Negociações de última hora tentam evitar um default da Argentina que parece cada vez mais certo
Acaba esta quarta-feira o prazo para a Argentina amortizar os juros dos títulos de dívida que tinha reestruturado em 2005 e 2010.
A situação está longe de ser simples e, se vier a confirmar-se, este novo incumprimento da Argentina é bem diferente daquilo que é habitual. Neste caso, não estamos perante o típico cenário de um Estado sem dinheiro, pressionado pelos mercados e pelo FMI e com as pessoas à porta dos bancos a tentarem levantar todo as poupanças que for possível.
Desta vez, as autoridades em Buenos Aires garantem que, não só querem amortizar os títulos de dívida em causa, como têm dinheiro para o fazer. O problema, dizem, é que um juiz norte-americano, Thomas Griesa, não o permite.

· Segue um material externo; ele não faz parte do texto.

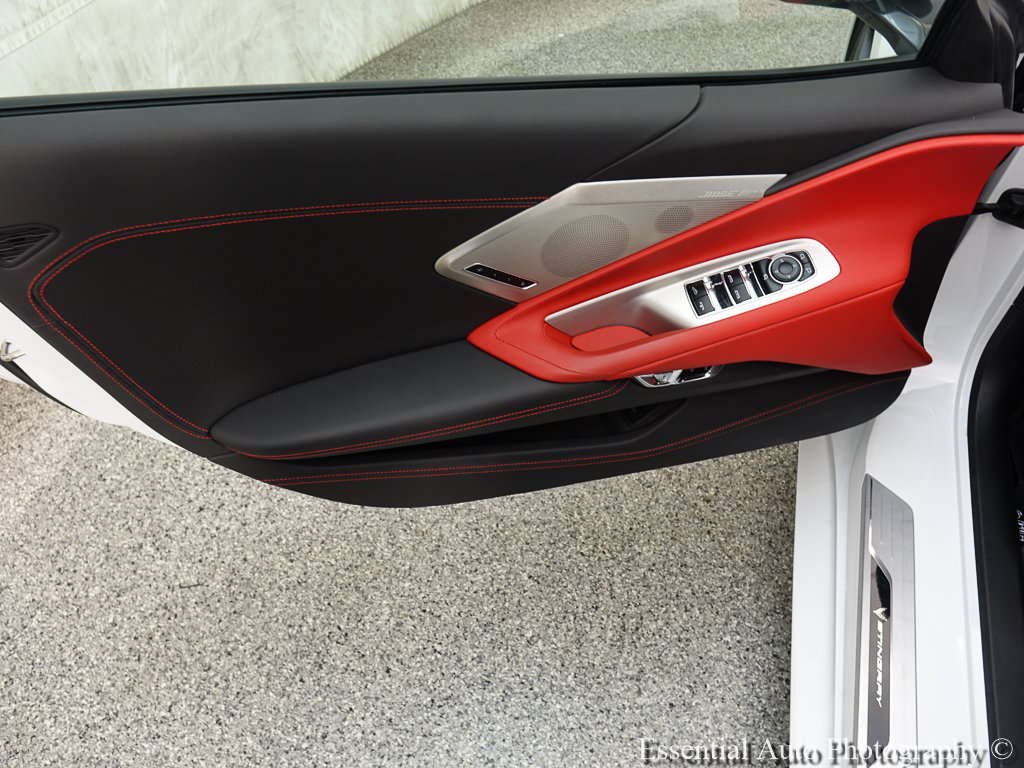 Used 2024 Chevrolet Corvette Stingray Premium Conv w/ Z51 Performance Package RWD image 21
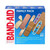 Band Aid Adhesive Bandages Family Assorted Pack Covers and Protects Minor Cuts and Scrapes 110Ea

A história começa em 2001, a data do último default argentino. Com a dívida pública a superar os 200% do PIB e as reservas em mínimos, a Argentina anunciou que deixaria de fazer face aos seus compromissos com os credores internacionais. Em 2005 e 2010, com a situação já estabilizada e para tentar restabelecer o acesso aos mercados internacionais, o país decidiu começar a negociar com os credores e conseguiu que mais de 92% deles aceitassem trocar os títulos de dívida antigos por novos, com um valor cerca de 70% mais baixo.
O problema é que, entre os 8% que não aceitaram trocar os seus títulos de dívida, alguns – especialmente hedge funds especializados neste tipo de operação - decidiram levar o caso para os tribunais norte-americanos. Após vários julgamentos e recursos, o juiz Thomas Griesa decidiu que a Argentina apenas podia pagar os títulos novos de dívida que tinha negociado com a maioria dos credores se pagasse também os títulos antigos detidos pela minoria que recorreu ao tribunal.
O tribunal norte-americano garante a aplicação desta sentença ao proibir qualquer instituição financeira norte-americana de colaborar com a Argentina nos procedimentos para pagar os títulos novos, o que na prática deixa o Estado argentino de mãos atadas.
É este o dilema que neste momento enfrenta o Governo liderado por Cristina Kirchner: para cumprir com os credores que aceitaram reestruturar a dívida em 2005 e 2010 (o prazo para amortização termina esta quarta-feira) tem também de pagar 1300 milhões de dólares aos credores que não aceitaram a reestruturação e a quem chamam de “abutres”.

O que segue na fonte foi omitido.